# TASK ITEM
What is needed is a word-for-word copy of the lines below from the one with "Casal coelhos selfie de resina 15cm" through the one with "Casa, 3 quartos, 207 m² - Foto 3", both included, with every picture left out.

------ EXERCISE MATERIALS ------

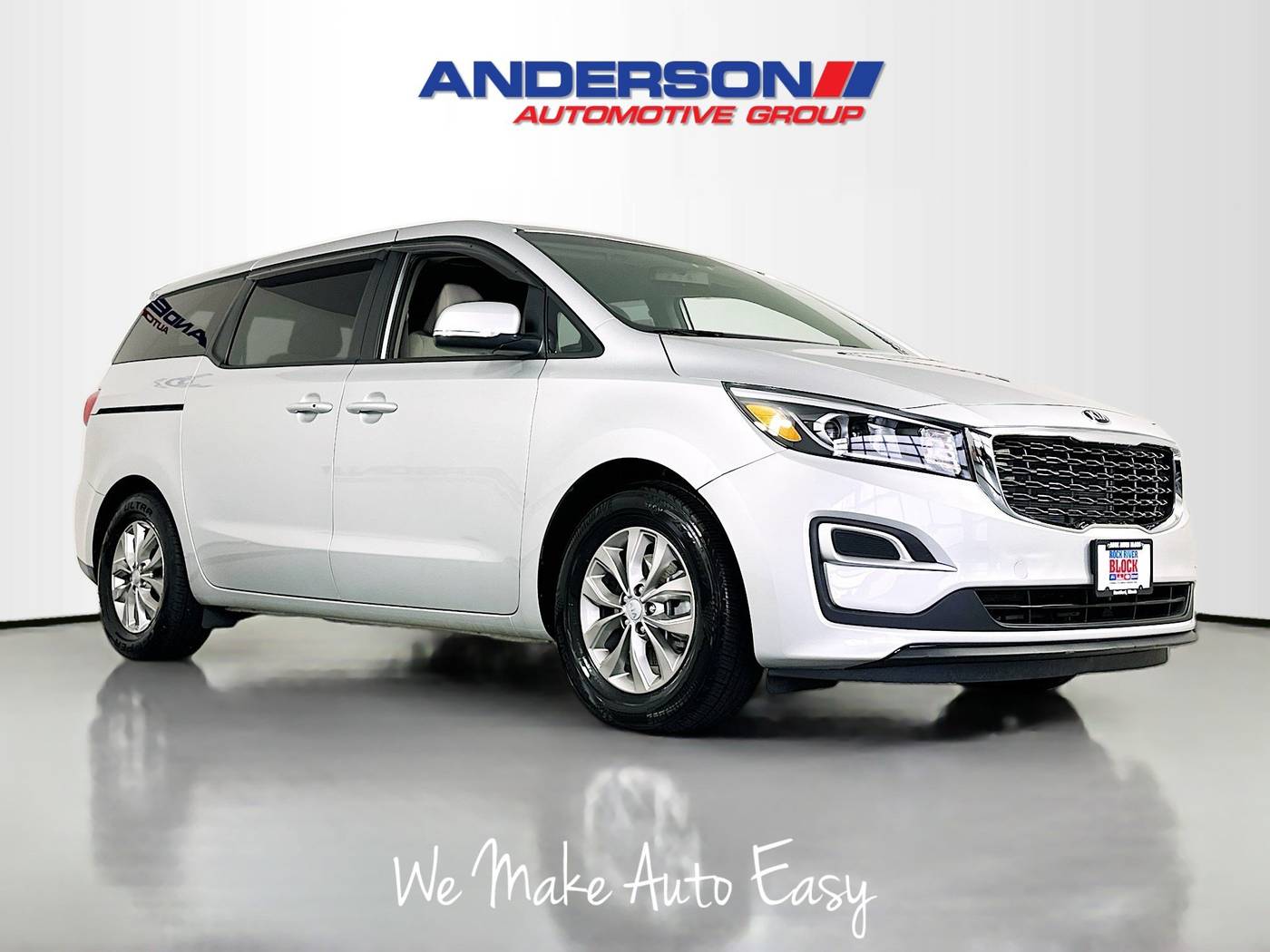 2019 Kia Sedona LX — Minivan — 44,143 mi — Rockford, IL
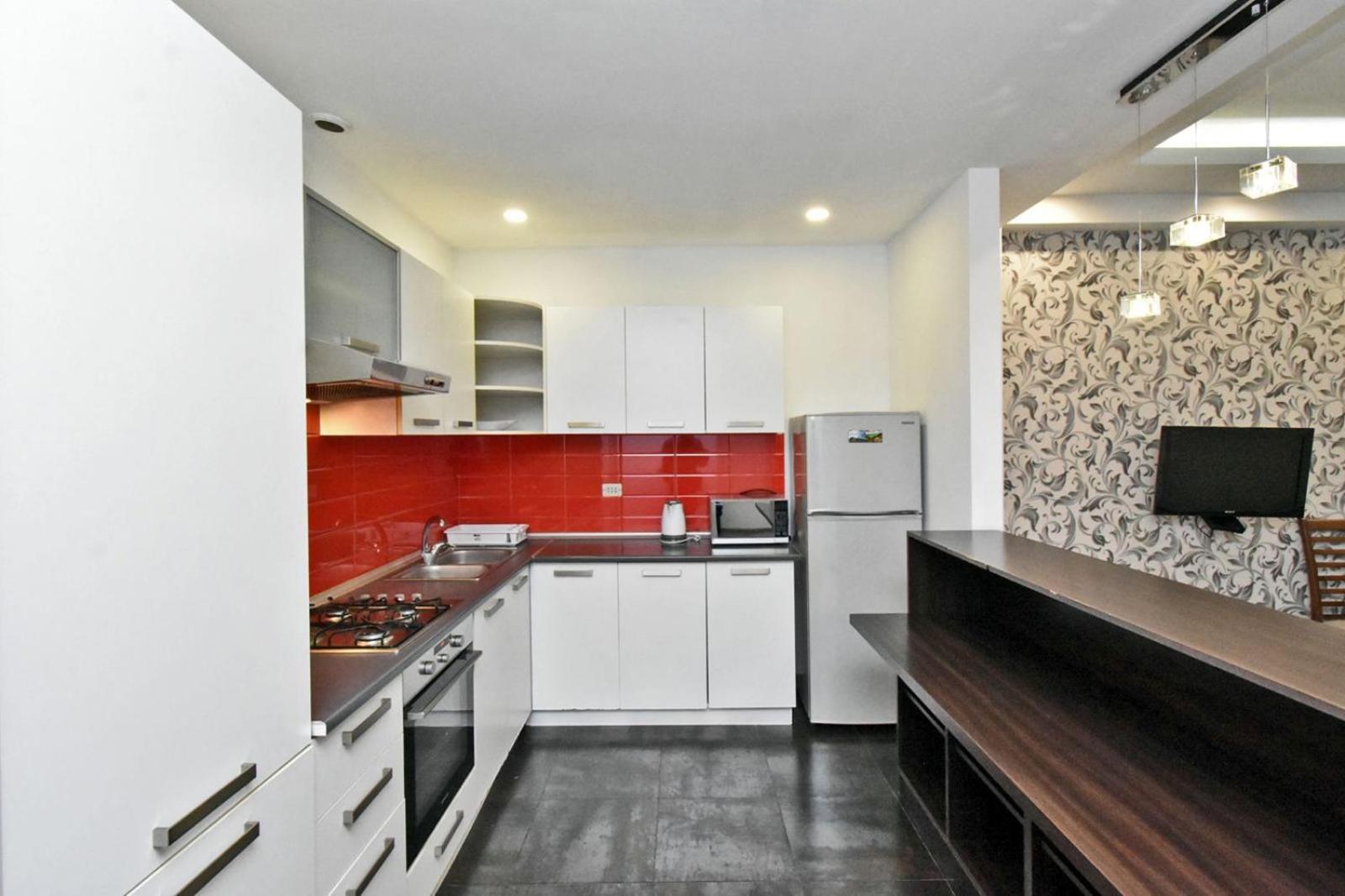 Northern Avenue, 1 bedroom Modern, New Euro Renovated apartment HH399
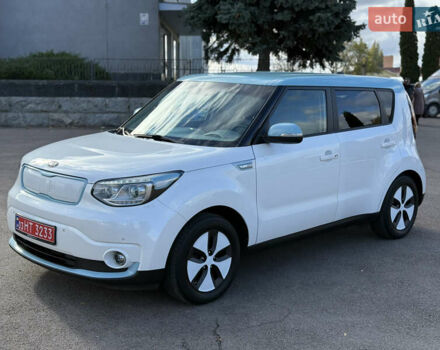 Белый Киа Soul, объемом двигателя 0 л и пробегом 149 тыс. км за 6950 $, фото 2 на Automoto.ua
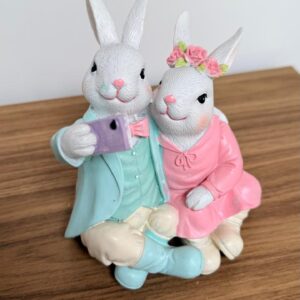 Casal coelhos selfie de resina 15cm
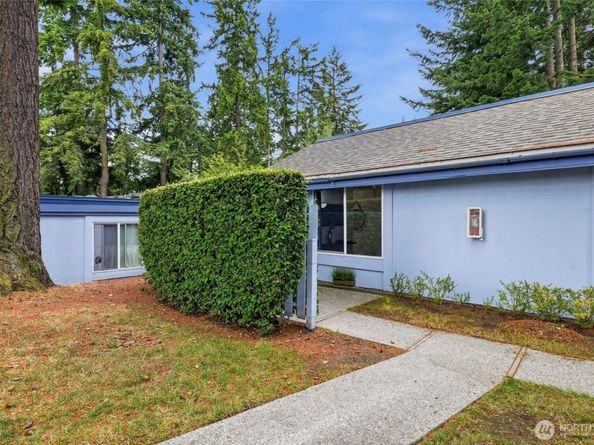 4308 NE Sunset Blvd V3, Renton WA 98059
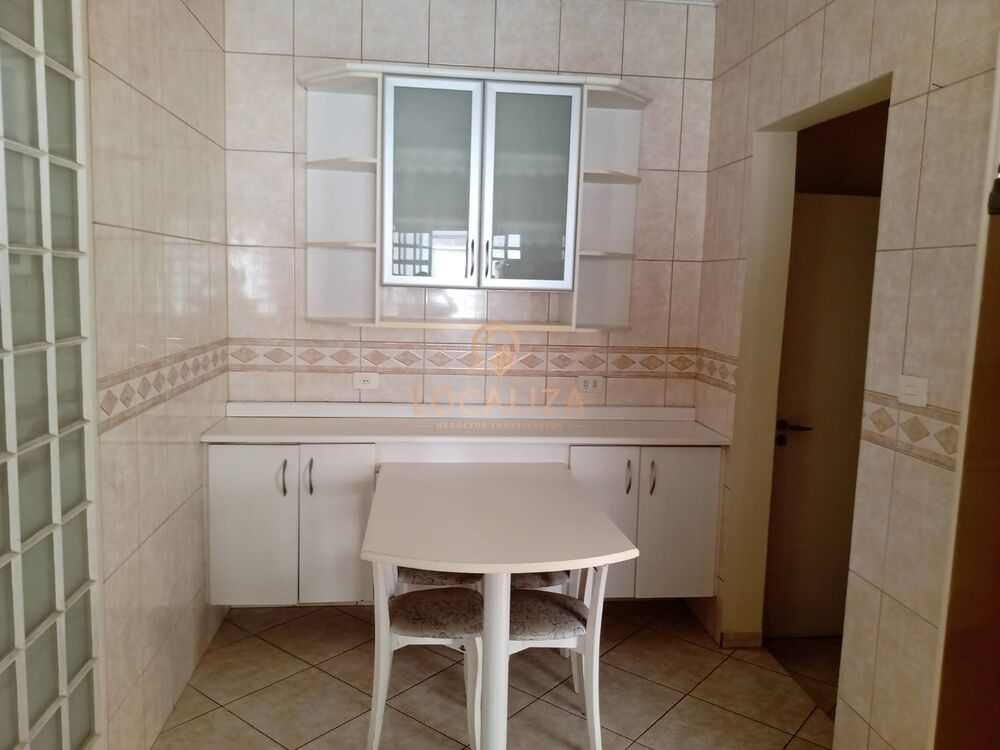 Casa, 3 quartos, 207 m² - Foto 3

------
------ EXERCISE MATERIALS ------

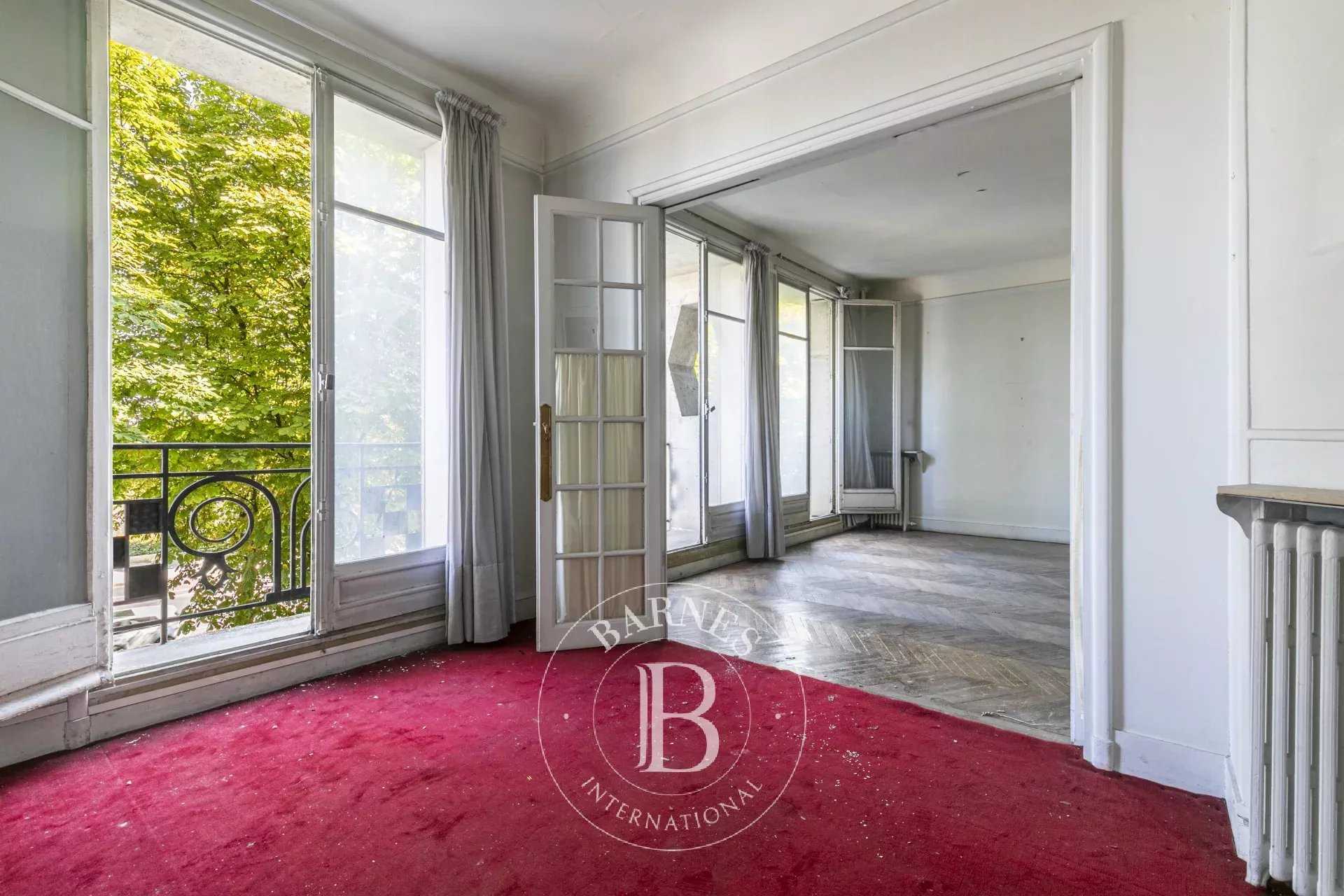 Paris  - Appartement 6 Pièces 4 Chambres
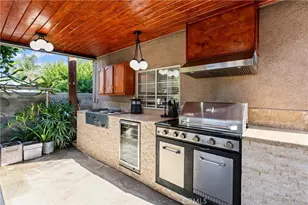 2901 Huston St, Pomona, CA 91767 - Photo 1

------

# SOLUTION TO THIS PROBLEM
 Casal coelhos selfie de resina 15cm
 4308 NE Sunset Blvd V3, Renton WA 98059
 Casa, 3 quartos, 207 m² - Foto 3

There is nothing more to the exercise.